Sometimes the stars align for the perfect publishing break. That was the case last summer when Colonial Williamsburg released “Founding Feuds” in the middle of the presidential primaries. The subtitle seemed ripped from contemporary headlines: “The Rivalries, Clashes and Conflicts That Forged a Nation.”
This week, author Paul Aron will discuss his book at the Virginia Historical Society in Richmond. It’s part of the Banner Lecture Series, endowed the past 29 years in honor of Charles F. Bryan Jr.
Sailing into Historical FeudsAmerica was appalled last year to hear Donald Trump refer to “Little Marco” Rubio and “Lyin’ Ted” Cruz, but that was nothing compared to our early years. A blurb by the VHS says it succinctly: “During and after the Revolution, the founders were not only debating but also screaming, spitting, and occasionally shooting at each other—their politics every bit as polarized as our own.”
Full disclosure: Before he went to Colonial Williamsburg as a writer, Paul Aron reported for me at The Virginia Gazette. Among other beats, he covered crime better than anyone else because he enjoyed connecting the dots that occasionally reflected trends. This book reflects that kind of thinking.
As students of history, many of us focused on events and battles as they fit into the big picture. There wasn’t time to sort out the personalities, much less the tensions between them. We all knew about Hamilton vs. Burr, but books have been written disclosing their eerie similarities and weird behaviors.
Who knew that Patrick Henry and James Madison didn’t get along? More to the point, who cares? Aron sets out to show how Henry challenged Madison over his Constitution, achieving a turning point that matters in history.
John Adams and Jefferson were colleagues in the independence of 1776 but quickly fell out when they opposed each other in the election of 1800. They famously made up years later and died on the same July 4 fifty years after the Declaration of Independence.

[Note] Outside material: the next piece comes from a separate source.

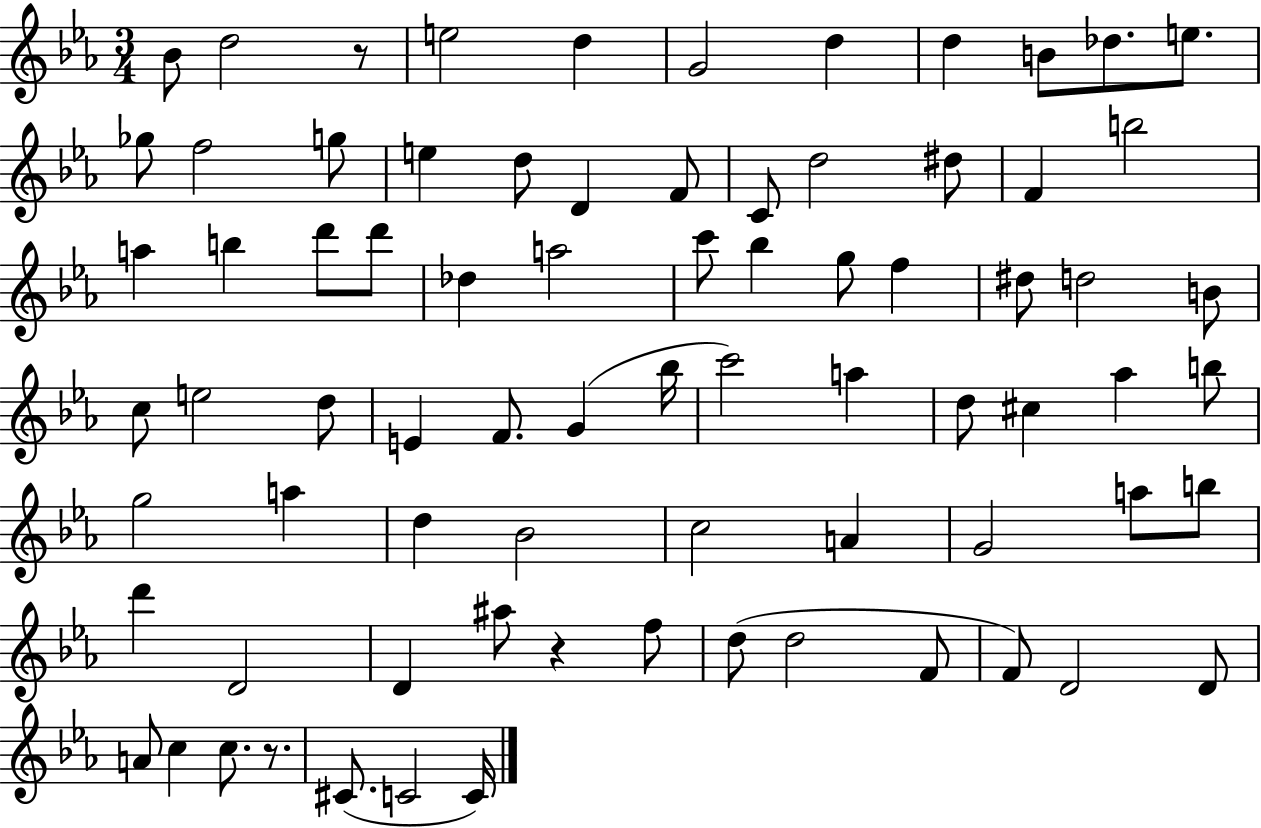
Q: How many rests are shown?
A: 3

After Aaron Burr killed Hamilton in their duel, he became persona non grata and drifted West. Rumors were that Burr conspired around 1805 to start a new nation west of the Mississippi so that he could become its president. President Jefferson had him caught and tried for treason in a slam-dunk case. But the jury found him not guilty, in part for lack of evidence and because the judge in the case was Chief Justice John Marshall, an enemy of Jefferson.
What? Marshall vs. Jefferson? Marshall was a distant relative of Jefferson and a war hero who disdained Jefferson as a cowardly governor during the Revolution and a “lousy” lawyer as well (Aron’s term).
Many of these feuds reflected different views over a federalist, centrist government by Washington, Hamilton and Adams vs. an agrarian decentralized government by Jefferson. In one case, Aron writes: “The Jefferson-Marshall feud was deeply personal but also, more than any other founding feud, a test of the balance of power between the branches of government the two men represented.”
Of 13 discrete one-on-one feuds described in 13 chapters, fully three involve Jefferson. What’s with that? Aaron is brutally  frank in his criticism:
“His critics, then and now, have attributed it to Jefferson’s hypocrisy. He was our greatest proponent of liberty yet he owned slaves. He fought the growth of federal power until he became president, after which he did not hesitate to wield all the power that came with the office. Even if one grants that Jefferson changed his positions because circumstances changed, his chameleon-like behavior would still have earned the enmity of those whose positions Jefferson abandoned.”

Want to Go?

Paul Aron will speak at noon Thursday, May 11, at the Virginia Historical Society, 428 North Boulevard, Richmond. Tickets are $6 for adults, $5 for seniors, $4 for students and children. Admission is free for Historical Society members and Richmond Times-Dispatch readers with a Press Pass coupon. Aron will sign copies of his book after his lecture. Lunch is available on site afterward.